Norma Kamali Sleeping-Bag Coat
“Norma invented the coat in the mid-’70s after she had been camping and put a sleeping bag on her shoulders and realized it would make a great coat. She was dating Ian in ’78 and ’79, and the young women who worked the door would get clothing from her. In the winter, the door people wore sleeping-bag coats from Norma to keep warm.”
Studio 54 Jeans
“Norma Kamali designed Studio 54 jeans with a company called Land Lubber, so we have a few of those and the ads for the jeans. Peter Rogers had written the clever line for the ads, since he had also done the ‘what becomes a legend most’ ads for Blackgama mink. Studio 54 always went to the right people for whatever it was.”
Fantasy Costume by Genesis
“I had one outfit that was originally worn by Richie Gallo remade. He was a performance artist, who worked with Robert Wilson.
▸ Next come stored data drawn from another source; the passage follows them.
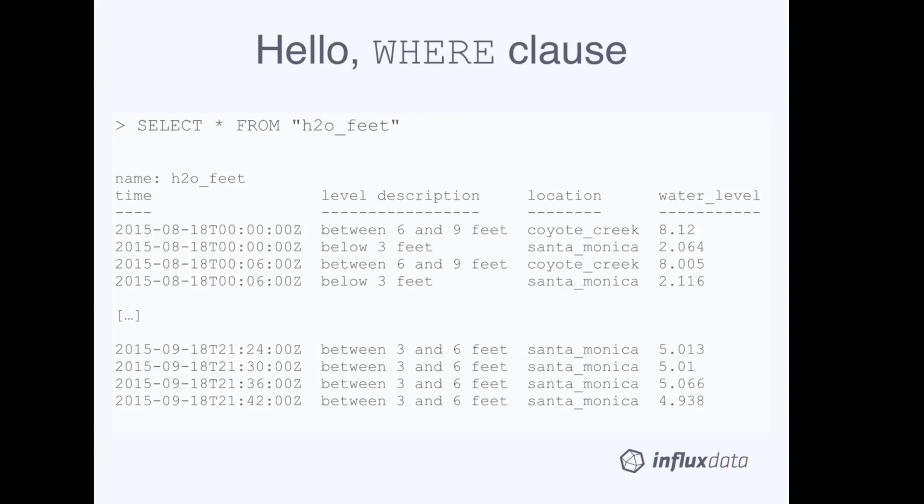Let's start with a couple simple SELECT statements to give you an idea of what the WHERE clause can do. On this slide, we have a basic SELECT statement without a WHERE clause. It returns all fields and tags from the H2O feet measurement.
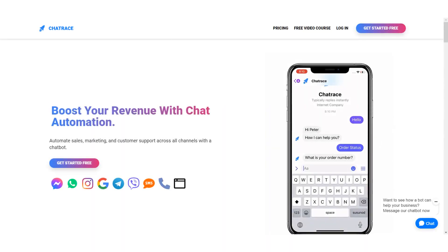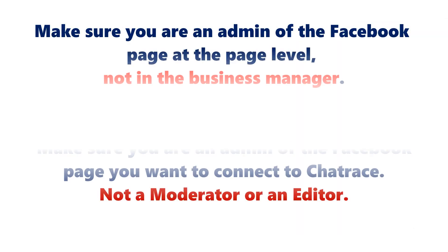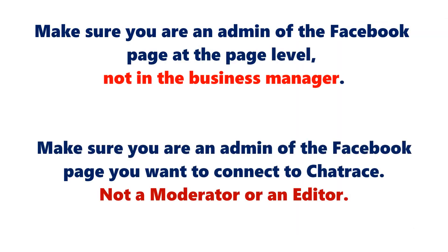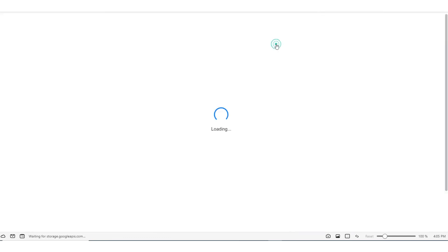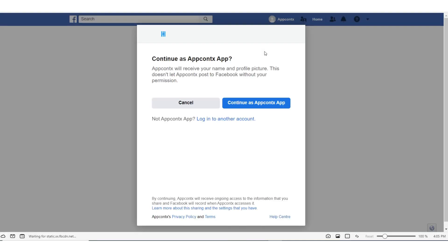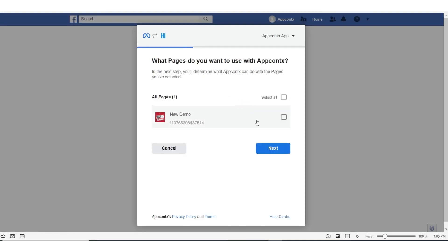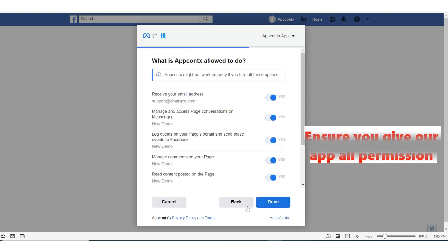In this tutorial, I will show you how to connect a Facebook page to Chatrace. Make sure you are an admin of the Facebook page at the page level — not in the Business Manager. You need to be an admin of the Facebook page, not a moderator or an editor. Let me show you — ensure you give our app all permissions.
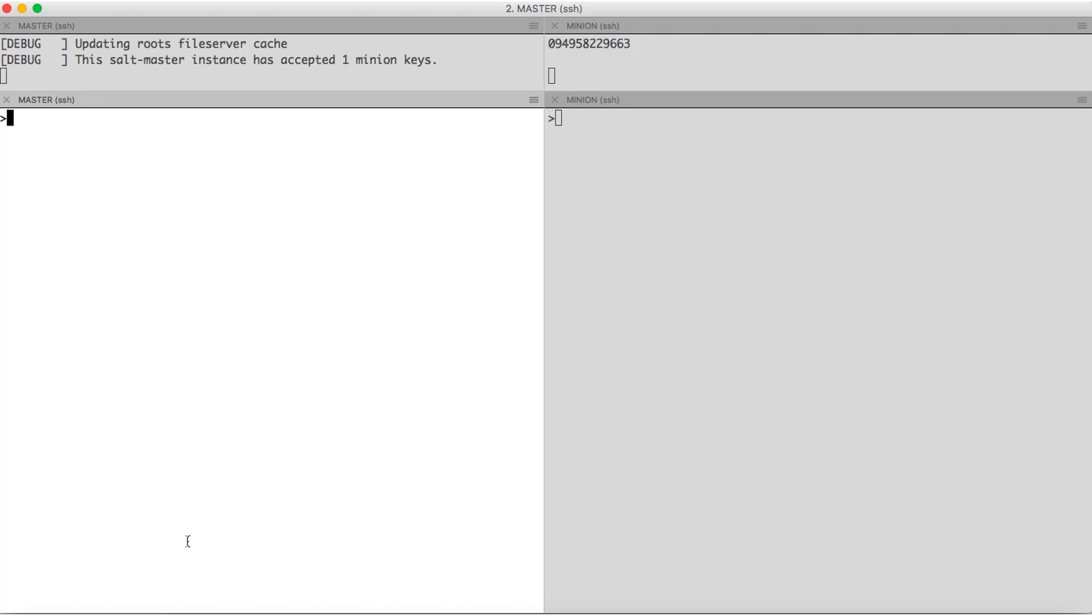So, let us run some execution modules from the salt master to the minion. For that, we have salt command, then the target. So I can provide star to indicate that I want this command to be run on all the minions. Or I can use regex like min star.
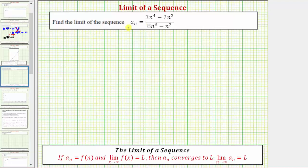We're asked to find the limit of the sequence given by a sub n. Looking at the theorem below: if a sub n equals f of n and the limit as x approaches infinity of f of x equals L, then a sub n converges to L and the limit as n approaches infinity of a sub n equals L. So this theorem tells us we determine the limit of a sequence the same way we determine the limit at infinity of a function.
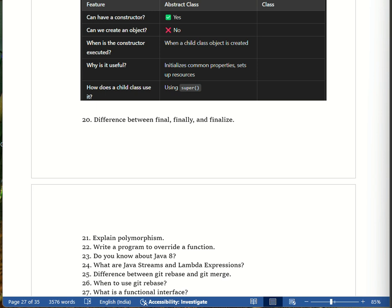In the next video we will cover more important questions regarding automation testing, Selenium, and Java. The notes I have prepared are linked in the description and comment box — they contain 2000 plus interview questions for Selenium automation testing, manual testing, and Java. Please check the link and share your feedback. Thank you for watching.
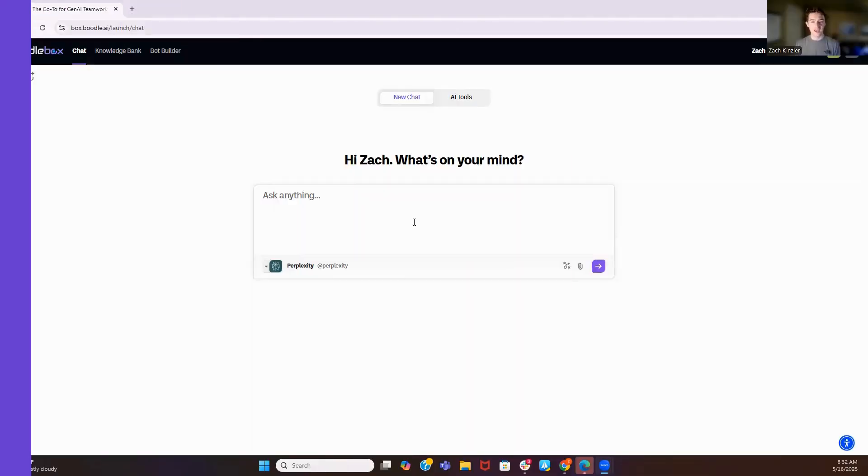We think that multiple large language models and multiple humans should be able to work together. That is the future of work, and no student should have to pay more money to get a better AI platform. Finally, Boodlebox is all about AI literacy. We want to empower educators and students to understand how to effectively use AI. So now let's jump into the platform.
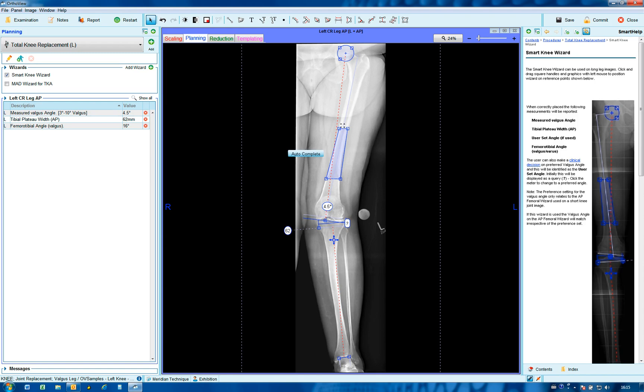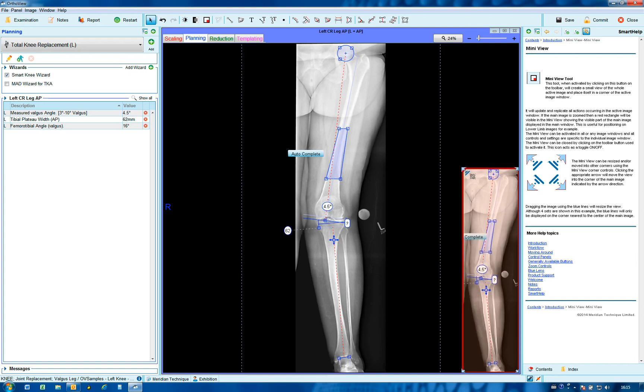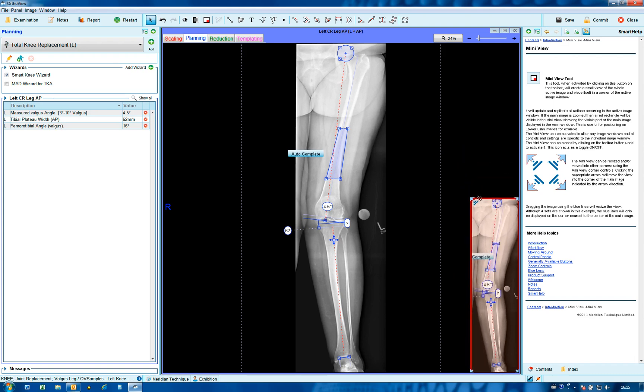When using a long leg image such as this one, this magnifying tool can be used to identify where you are on the image. Called mini view, it launches and shows the long leg in this screen. The size can be reduced as needed.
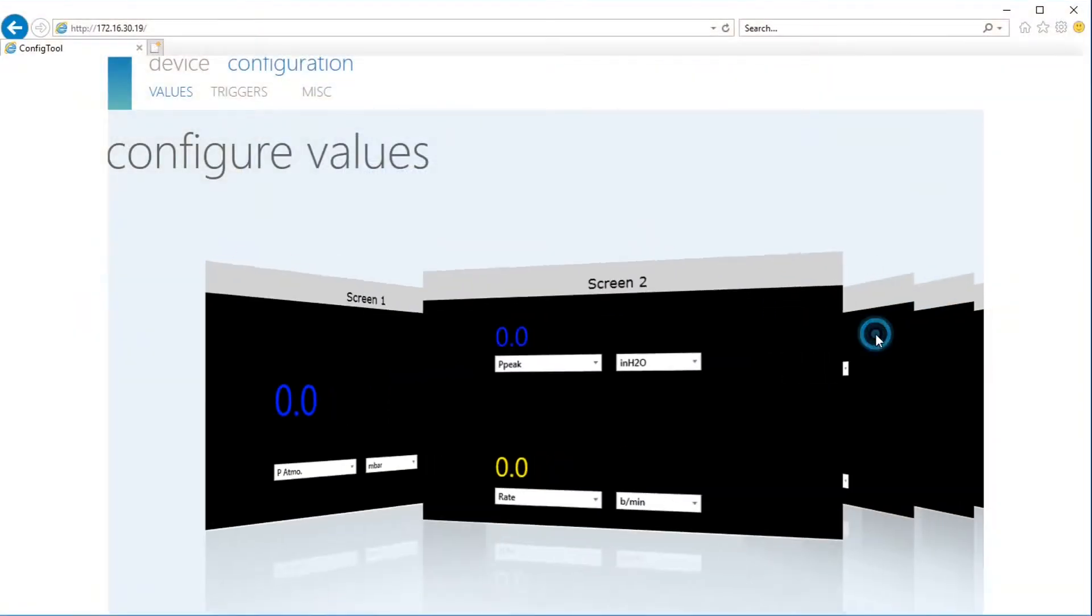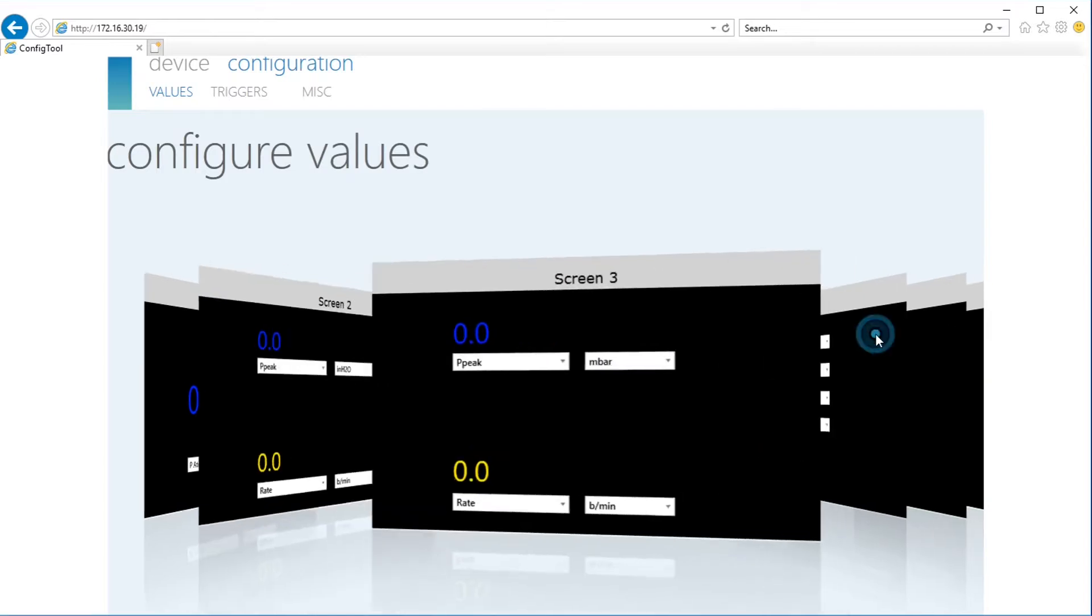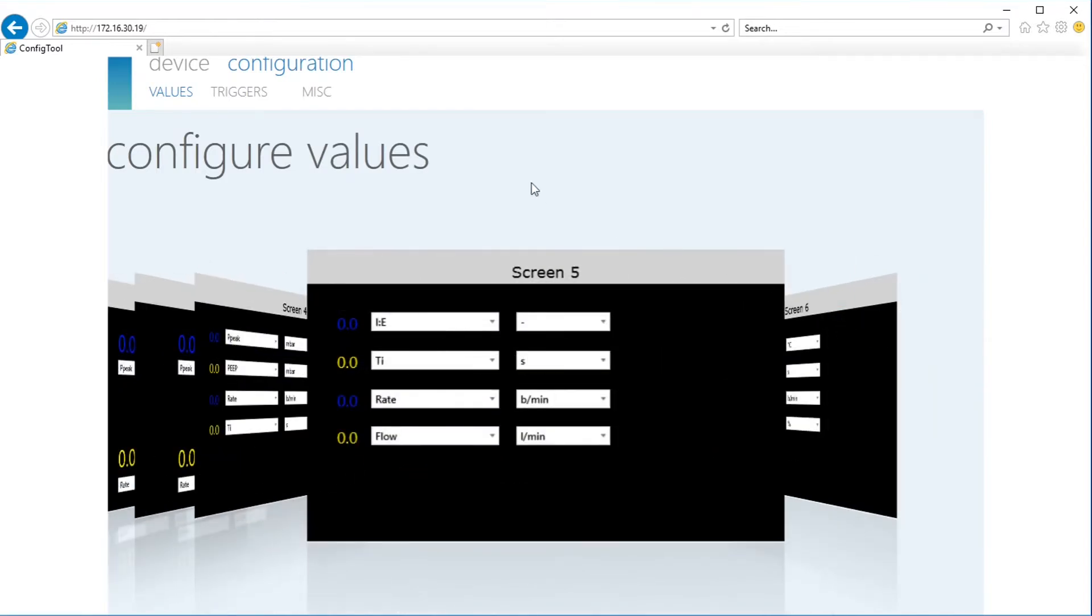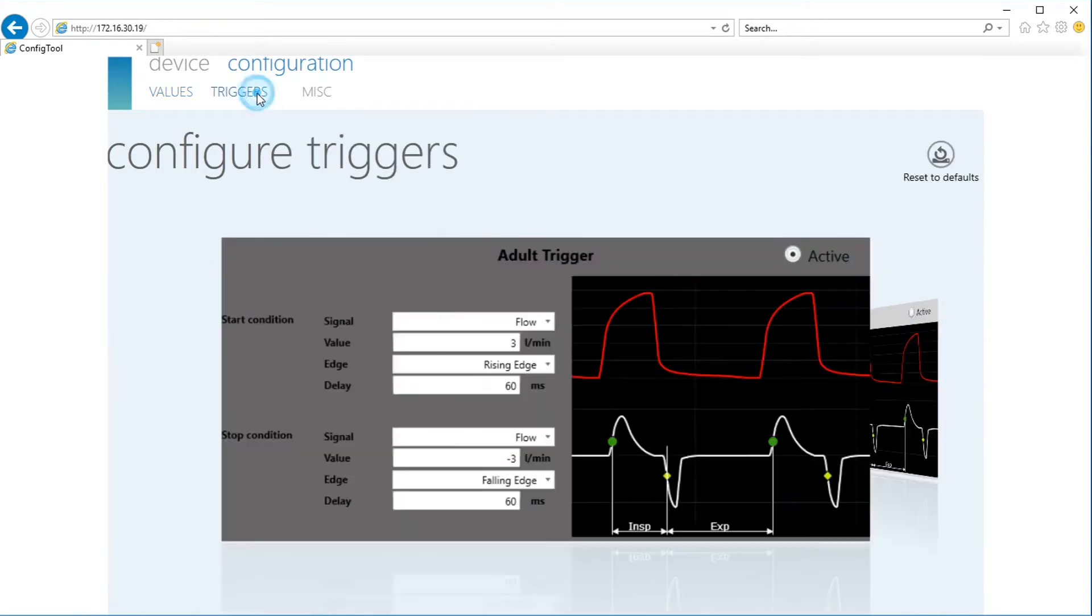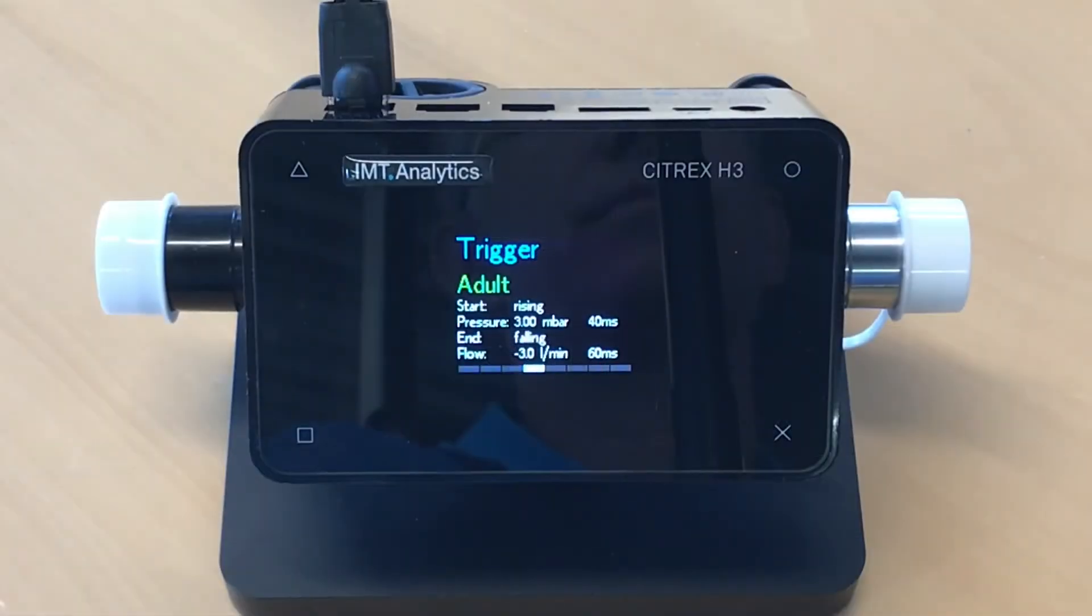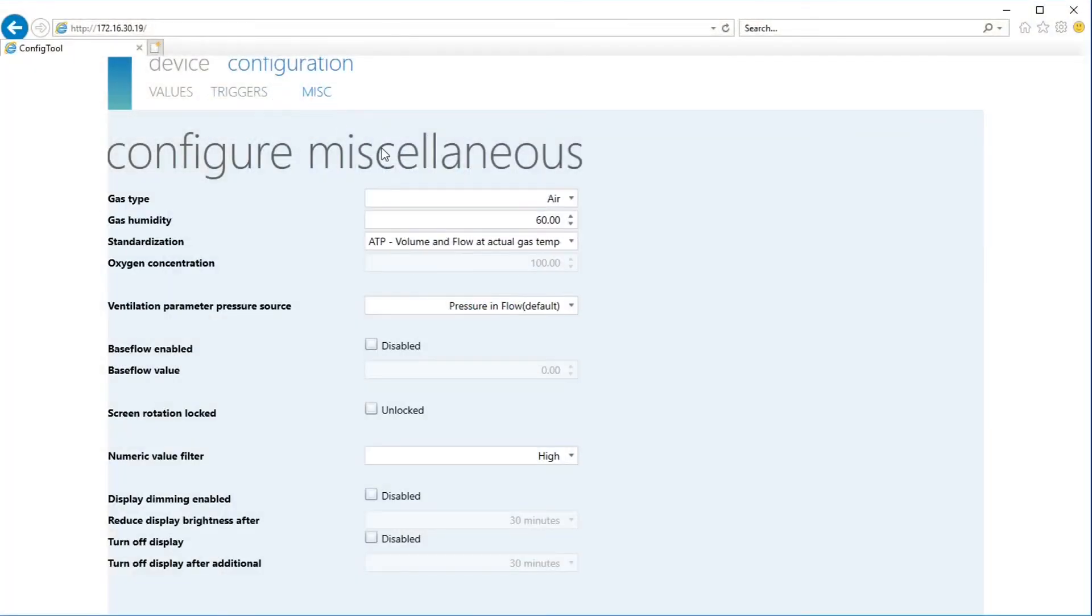You can flip through all the screens. It's very easy. Also, you can adjust the trigger settings which are important for volume measurement.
His looks were made by a company called Genesis, which Phillip Haight and Ronald Kolodzie were the designers of. They did these extravagant outfits. The recreation was done by Geoffrey Mac, who won this year’s Project Runway. It’s a black netted bodysuit that is hand sequined with a red-and-blue coat made out of a packing blanket with matching boots.”
Roy Thode’s BPM Bible
“Roy Thode was considered one of the best DJs. When Studio 54 opened, the technology of DJ-ing was pretty early and basic. If you were going to mix records, you were doing it all manually. It was before turntables where you could adjust the speed. Every Saturday, Roy would get the new records and count out the Beats Per Minute (BPM) manually for each song. So each page of the book is all the songs with that many beats per minute, so when he was mixing songs, he could reference to that.”
The Moon and the Spoon
“The premise was that when you went there you would have night and day, sunrise and sunset, snowstorms, a volcano, everything. One of the earliest was the moon with planets. The spoon got added later as tongue in cheek. It was so audacious that they would boldly put it in there. Aero Graphics, led by Dean Janoff and Richie Williamson, designed the moon and spoon, which became a symbol of the nightclub and the excesses of that time. The sets were often destroyed or painted over, so we used a photo of the original in the exhibition.”